WEST PALM BEACH, Fla. — As war rages on in Israel, today begins Holocaust Education Week in the state of Florida.
In Palm Beach County, 250 high school students from various schools in the county met with 25 Holocaust survivors to hear their stories.
This is an annual event for the School District of Palm Beach County and the Holocaust Education Organization inSIGHT, to bring students and survivors together. But this year's timing was even more impactful.
Survivors met with students in small groups, sharing their stories over lunch. Zelda Fuksman is one of the eight percent of Jewish children across Europe that survived the Holocaust. Her big question to the students was, what is the lesson of the Holocaust doing for you?
Fuksman has shared her story at school events for years.
"I do not have wealth. I don't have anything I can leave for the future," she said. "If I can have these young people understand the kind of power they have to make the world better, that's my gift."
Park Vista High School student Ross Kantor attended the event.
"Obviously there's a lot going on in the world right now," Kantor said, "so I feel like this was a really meaningful experience for myself and my peers."
He said hearing from the survivors firsthand is giving him a new perspective on the war in Israel.
"As an American-Jewish person, it was really unnerving and it's scary, but this kind of opened my eyes that it has happened before and we have persevered and we can persevere again," he said. "When we are reading from a textbook or watching a movie, it's not going to have the same emphasis as talking to somebody who quite literally has been through it."
For Dwyer student Rhegan Allen, sitting with Fuksman is encouraging her to understand more about what's happening around the world.
"I'm so much more interested in learning about what's going on, how its effecting the people of the community and everything about it," she said.
She said before this event, she only knew one perspective of the Holocaust. She jumped at the opportunity to attend the event.
"This is something that not many people are going to be able to do," she said. "One day when my kids have kids, and so on, no one is going to be able to say they were able to do this."
Fuksman said her experiences are getting harder to talk about as she gets older.

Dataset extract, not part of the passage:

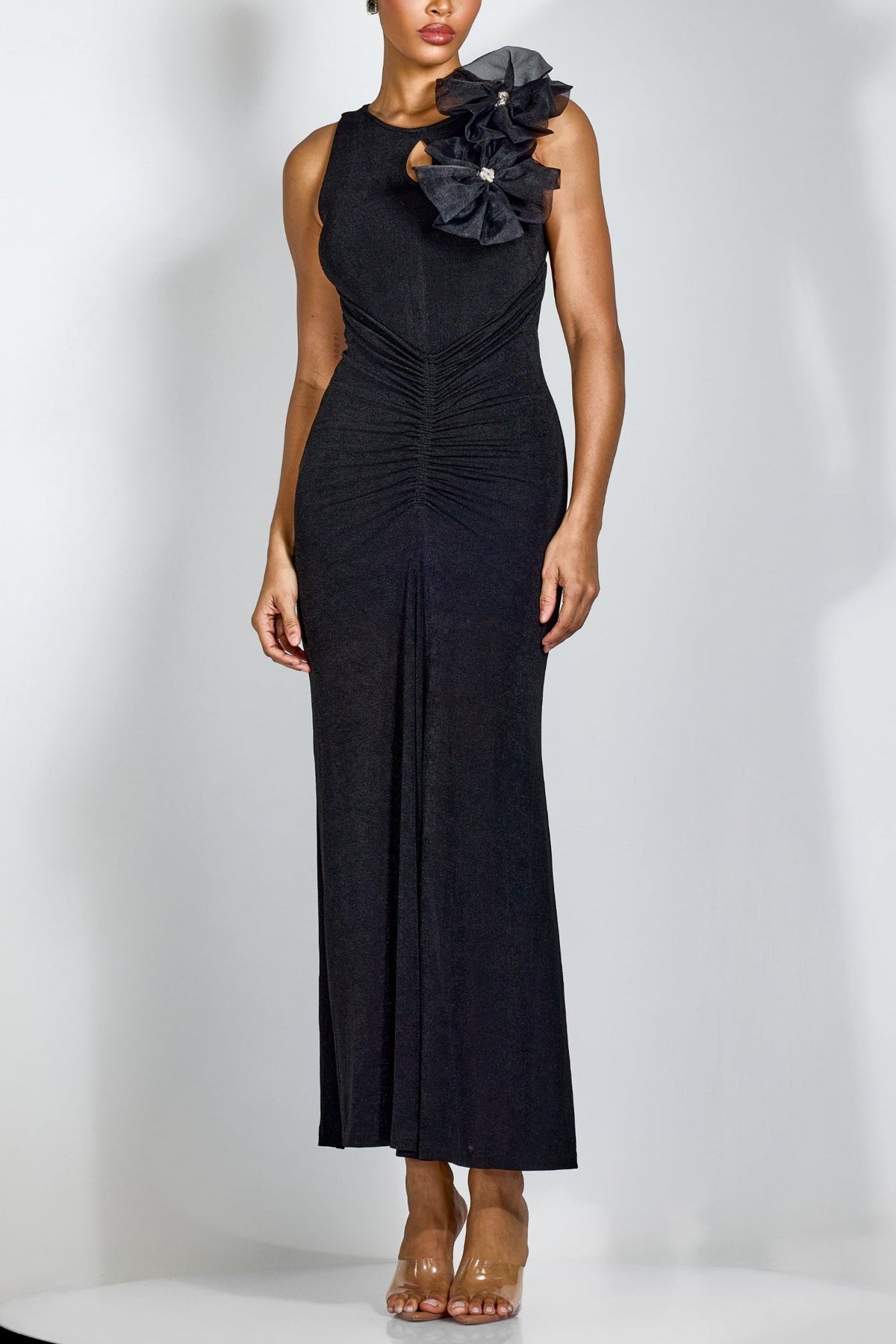 Flower Bodycon Maxi Dress in Black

"I have a certain pain in my heart. Why? Why are the Jews being singled out? The antisemitism that is growing now, because of the war in Israel," she said.
Her lasting message to the students is don't cry for me, learn from me.
"I kind of try and instill in them the power of who they are, that's what I come to tell them, that they are very special," Fuksman said. "It's not about my story. It's about how my story can inspire them to be better than the world did to us.